A Case of Rapidly Progressive Glomerulonephritis due to Superimposed IgA Nephropathy on Collagenofibrotic Glomerulopathy

Session Information

Category: Glomerular Diseases

  • 1402 Glomerular Diseases: Clinical, Outcomes, and Trials


  • Ochiai, Shoko, Miyazaki Daigaku, Miyazaki, Miyazaki, Japan
  • Kikuchi, Masao, Miyazaki Daigaku, Miyazaki, Miyazaki, Japan
  • Kaikita, Koichi, Miyazaki Daigaku, Miyazaki, Miyazaki, Japan
  • Fujimoto, Shouichi, Miyazaki Daigaku, Miyazaki, Miyazaki, Japan

Collagenofibrotic glomerulopathy (CFG) is a rare disease characterized by the accumulation of type III collagen in the glomerulus.
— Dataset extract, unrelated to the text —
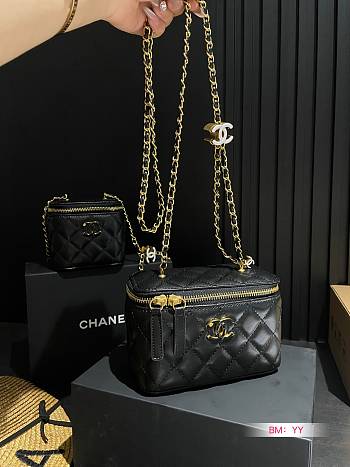 Chanel Mini Vanity Resin Handle Bag Black Lambskin Black 16x10x8cm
CFG and IgA nephropathy (IgAN) may coexist coincidentally, but there have been no reports presenting rapidly progressive glomerulonephritis (RPGN). Here, we report the case that developed in RPGN and was diagnosed with active IgAN accompanied by CFG.

Case Description

A 69-year-old Japanese woman complained of new-onset fatigue and generalized edema lasting one month. She had a history of rheumatoid arthritis for about 20 years and had been administered etanercept, a TNFα inhibitor, for eight years. Her serum creatinine (SCr) level used to be around 1.5 mg/dL. On admission, She exhibited gross hematuria, an elevated SCr (5.8 mg/dL), a decreased serum albumin (2.63 g/dL), a weight gain (+10 kg), and was clinically diagnosed with RPGN and nephrotic syndrome. Histological examination revealed active IgAN with positive KM55(galactose deficient(Gd)-IgA1) and superimposed CFG. She temporarily needed hemodialysis, but with steroid pulse therapy and cyclophosphamide, her SCr improved to 2.66 mg/dL, and hematuria was also resolved.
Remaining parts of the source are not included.